━━ DATA FOR THIS TASK ━━
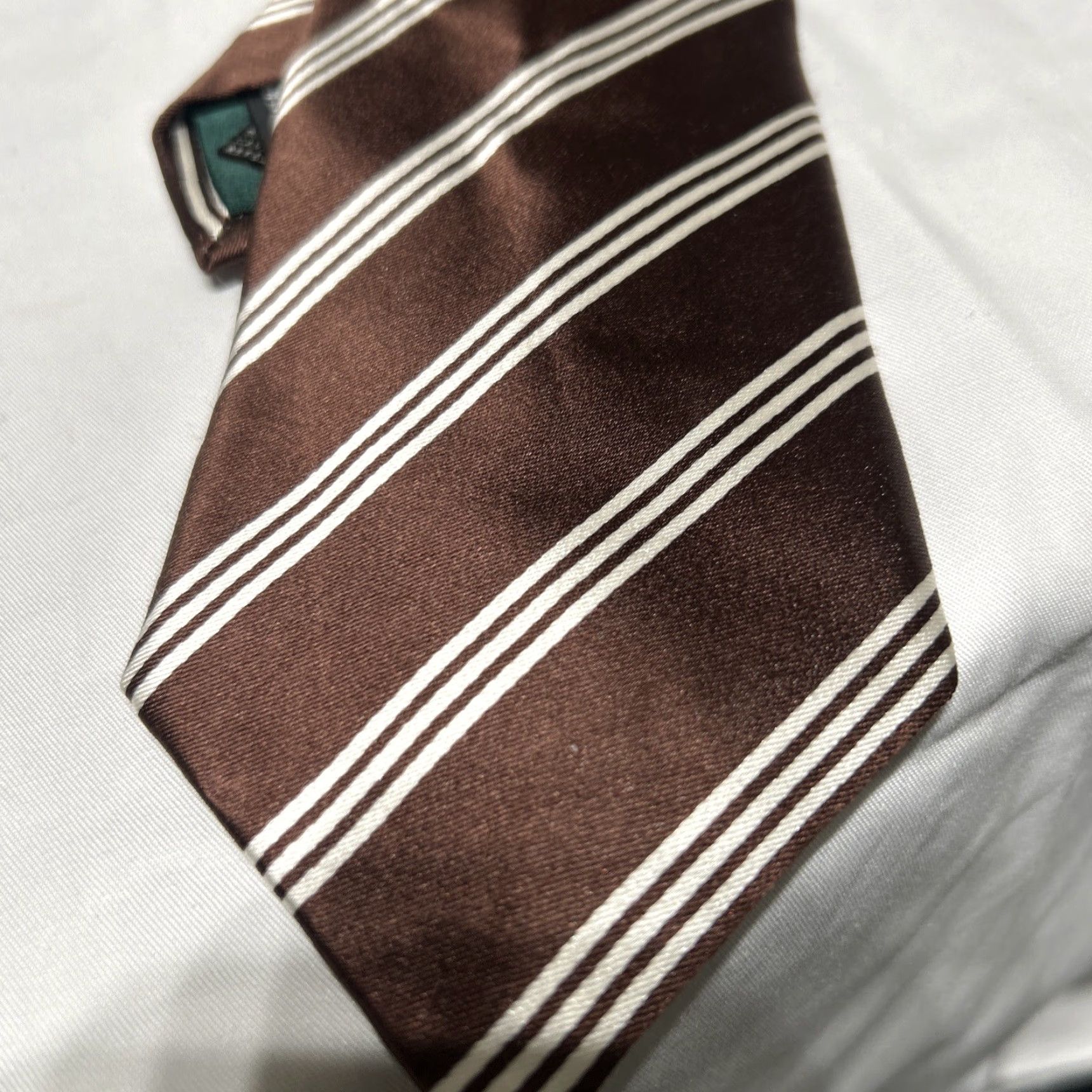 Vintage Hilton Repp Silk Tie Brown White Repp Stripe Made In Italy Mens TIE Brown Silk Italy Size ONE SIZE - 6 Thumbnail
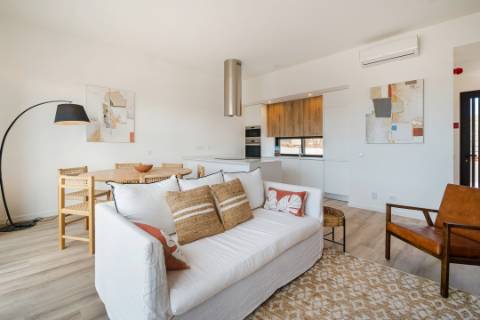 Moradia em banda de 2 quartos com piscina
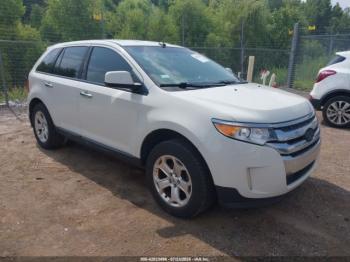  Salvage Ford Edge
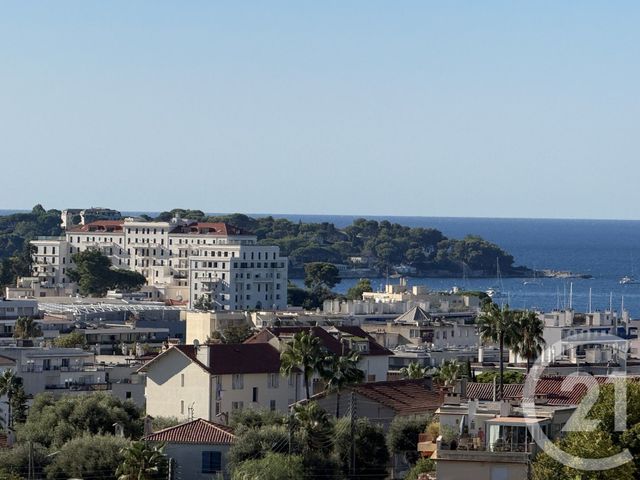 Appartement à vendre - 4 pièces - 135.79 m2 - ANTIBES - 06 - PROVENCE-ALPES-COTE-D-AZUR - Century 21 Roi Soleil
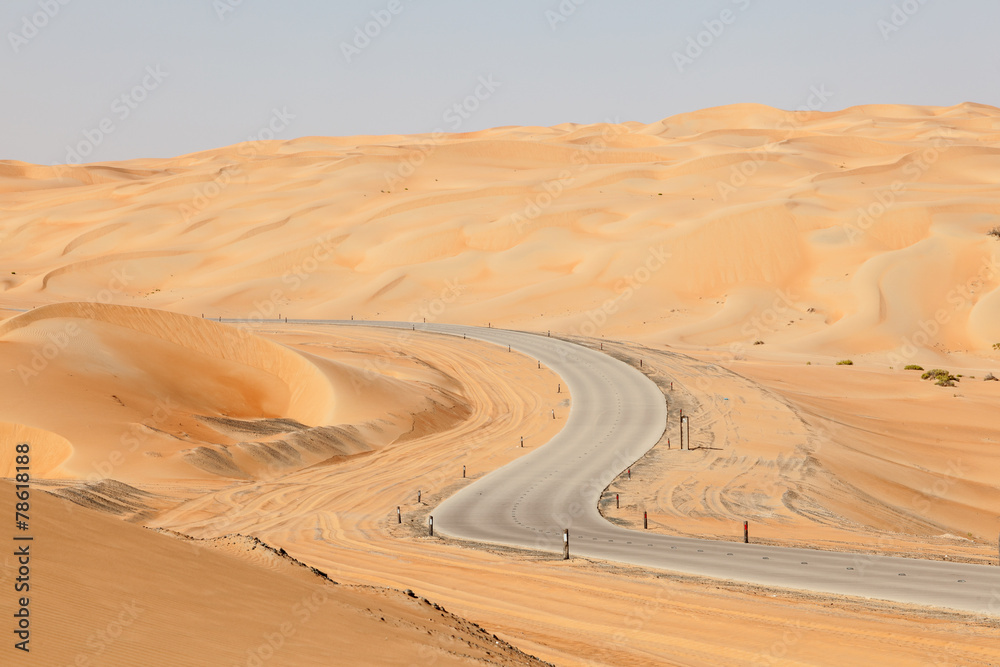 Obraz premium Road through the desert in Liwa Oasis area, Abu Dhabi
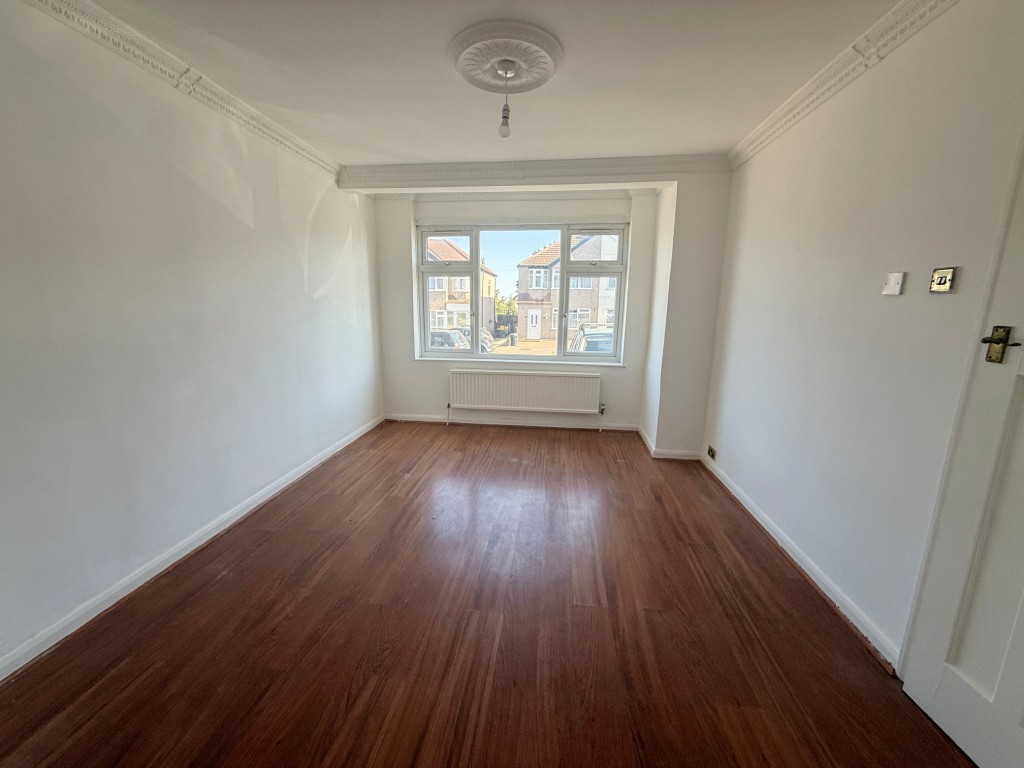 Lot: 209 - HOUSE FOR IMPROVEMENT - Through lounge come diner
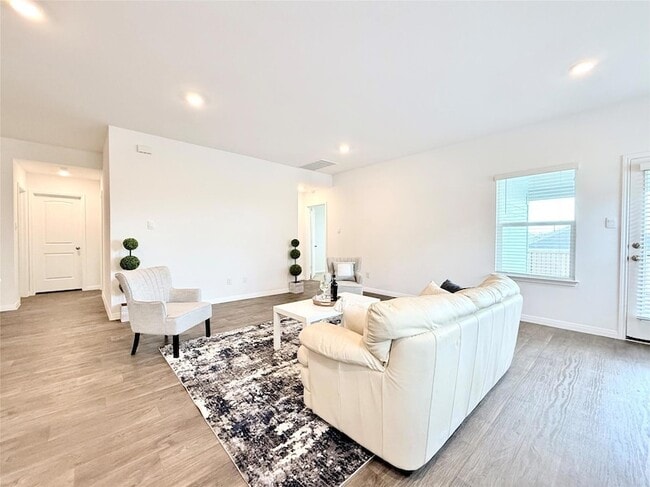 Building Photo - 598 Gladiola Lp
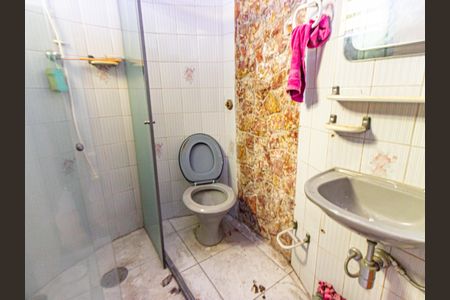 Casa à venda com 125m², 3 quartos e 2 vagasBanheiro da Suíte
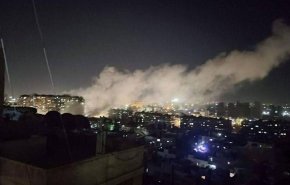 حملات هوایی 'اسرائیل' به شهر حلب ومناطقی در غرب سوریه + فیلم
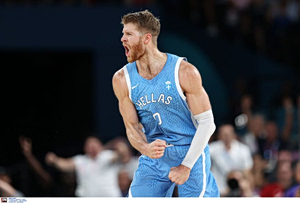 Γουόκαπ για την Ελλάδα: «Γι’ αυτό την αγαπώ. Γι’ αυτό είναι το σπίτι μου» (pic)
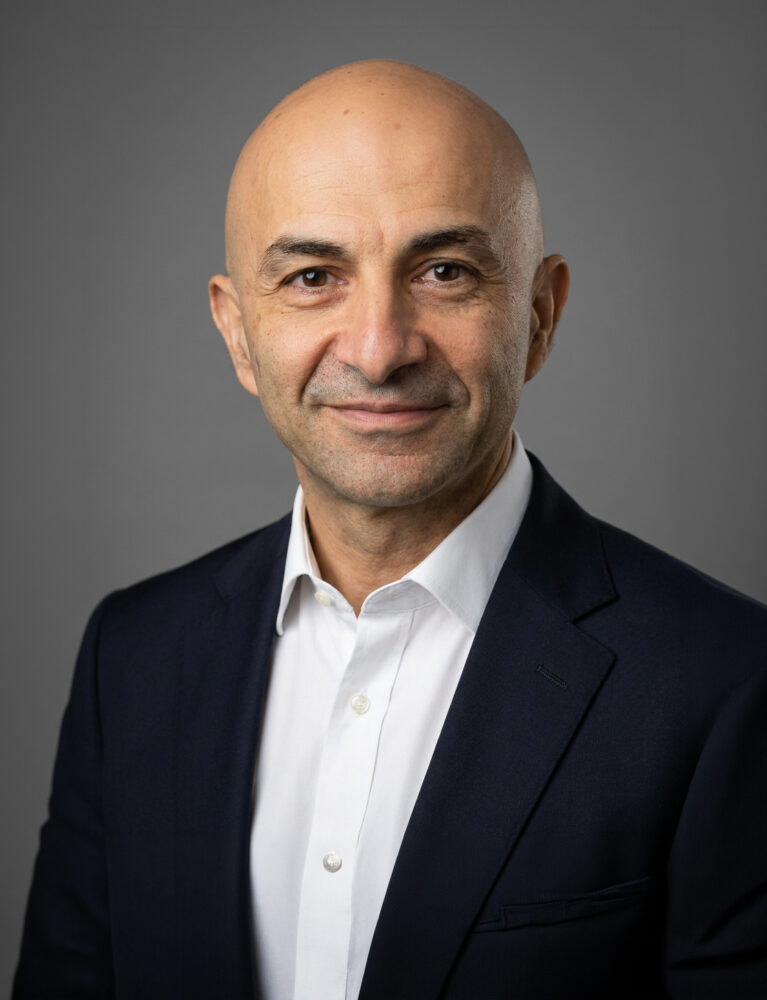 Prof Mohammed Muhtaseb - Consultant Corneal, Cataract and Refractive Surgeon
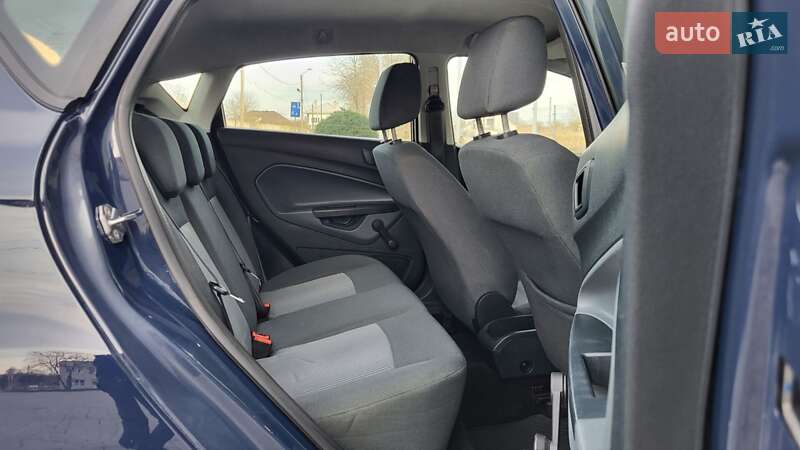Хэтчбек Ford Fiesta 2011 в Стрые
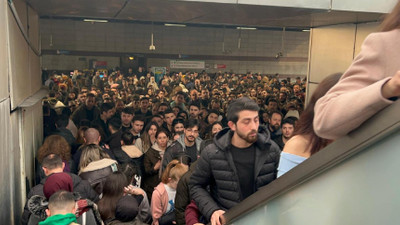 Mecidiyeköy metrobüs durağında yürüyen merdiven ters yöne hareket etti: 3 yaralı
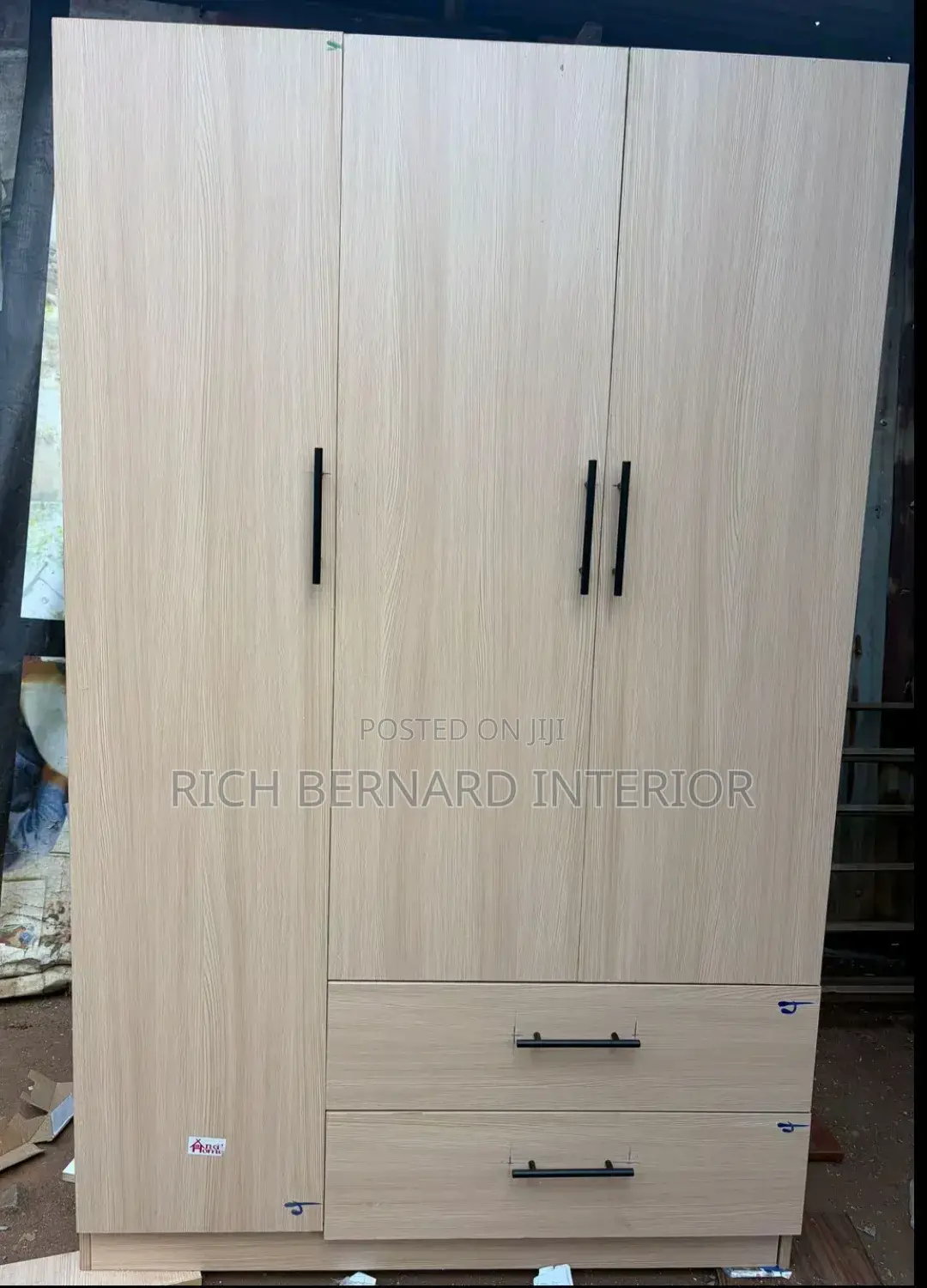 4feet by 6feet Laminated Wardrobe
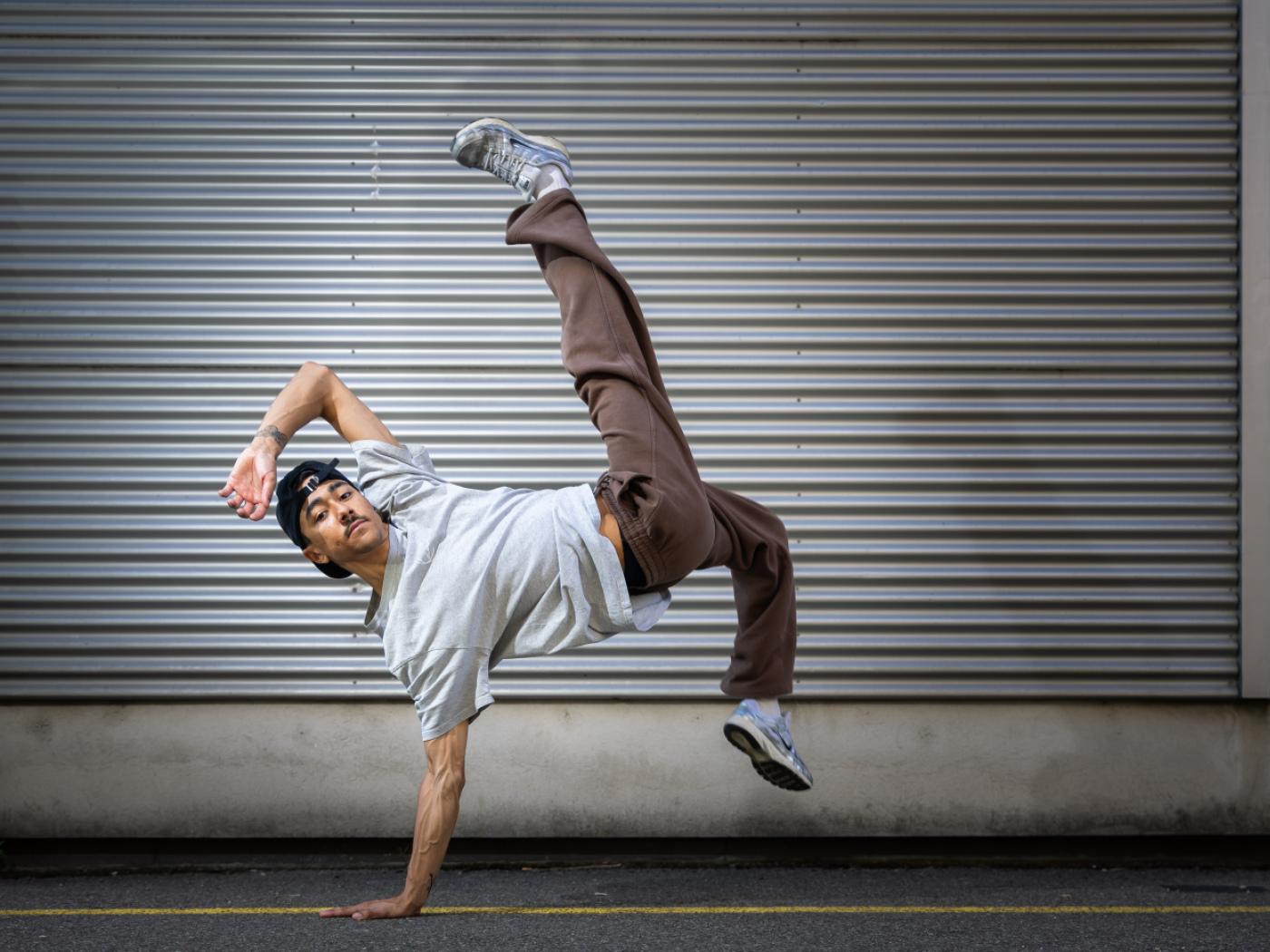 Zax (Zacharie Lamrani) ist der beste Schweizer Streetdancer. Für die kommende Woche in Zürich hofft er auf internationale Erfolge - erst bei den Battles der nationalen Champions im Schiffbau und dann am internationalen Finale im Hallenstdion.
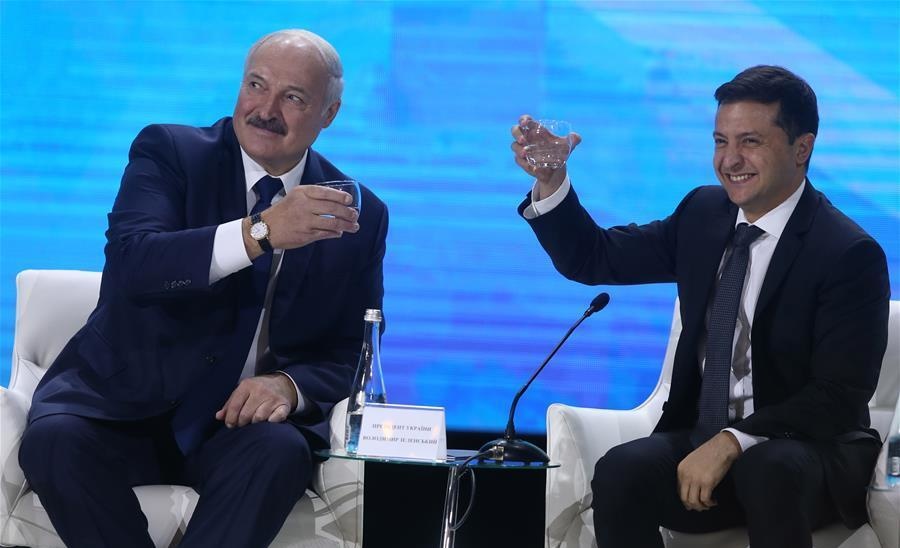 Зеленский Лукашенкога қарши санкция жорий қилди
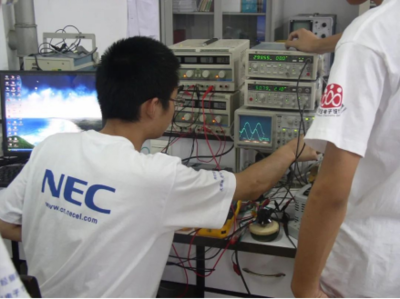 电气工程及其自动化与计算机系统技术服务 交叉融合驱动未来创新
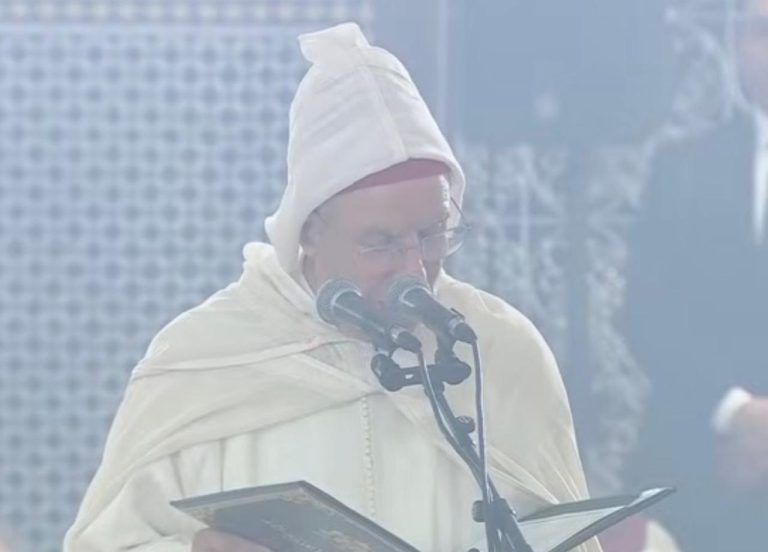 Mention de Ceuta occupée dans un discours religieux devant le Roi Mohammed VI, suscitant la controverse dans les médias espagnols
━━━
• WHAT YOU SHOULD DO
Beginning with the line that includes "电气工程及其自动化与计算机系统技术服务 交叉融合驱动未来创新" and ending with the last line of the material, reproduce those lines exactly and nothing else, with no pictures.

• TASK RESPONSE
 电气工程及其自动化与计算机系统技术服务 交叉融合驱动未来创新
 Mention de Ceuta occupée dans un discours religieux devant le Roi Mohammed VI, suscitant la controverse dans les médias espagnols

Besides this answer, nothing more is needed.